(Data provided)

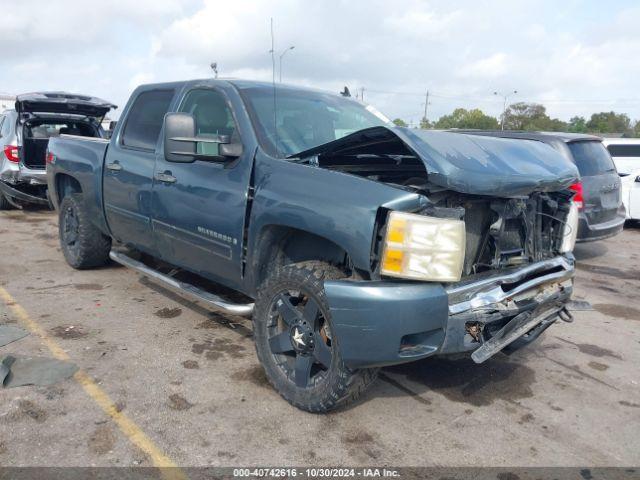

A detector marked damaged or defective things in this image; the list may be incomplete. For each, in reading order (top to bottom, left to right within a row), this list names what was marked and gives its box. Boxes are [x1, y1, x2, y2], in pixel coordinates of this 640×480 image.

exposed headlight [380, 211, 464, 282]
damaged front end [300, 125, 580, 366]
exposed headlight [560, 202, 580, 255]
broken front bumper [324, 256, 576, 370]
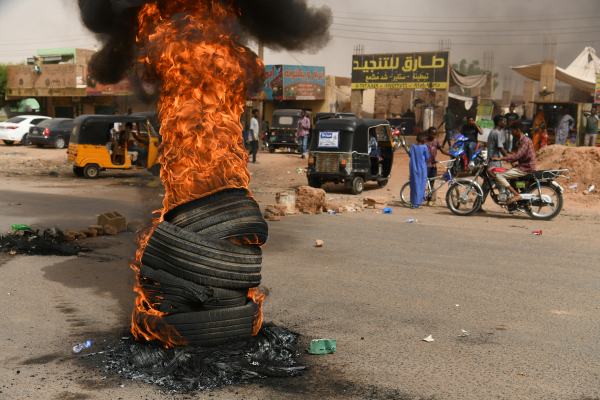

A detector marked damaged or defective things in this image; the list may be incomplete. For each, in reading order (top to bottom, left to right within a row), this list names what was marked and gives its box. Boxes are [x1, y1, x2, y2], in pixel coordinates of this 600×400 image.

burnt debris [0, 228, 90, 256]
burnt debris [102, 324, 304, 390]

(End Data provided)

__Brief__: Print the line containing "this 600×400 image.", then every line after it through the last line of the records, each exactly as written; nothing else belongs in the answer.

__Result of the exercise__:
A detector marked damaged or defective things in this image; the list may be incomplete. For each, in reading order (top to bottom, left to right within a row), this list names what was marked and gives its box. Boxes are [x1, y1, x2, y2], in pixel coordinates of this 600×400 image.

burnt debris [0, 228, 90, 256]
burnt debris [102, 324, 304, 390]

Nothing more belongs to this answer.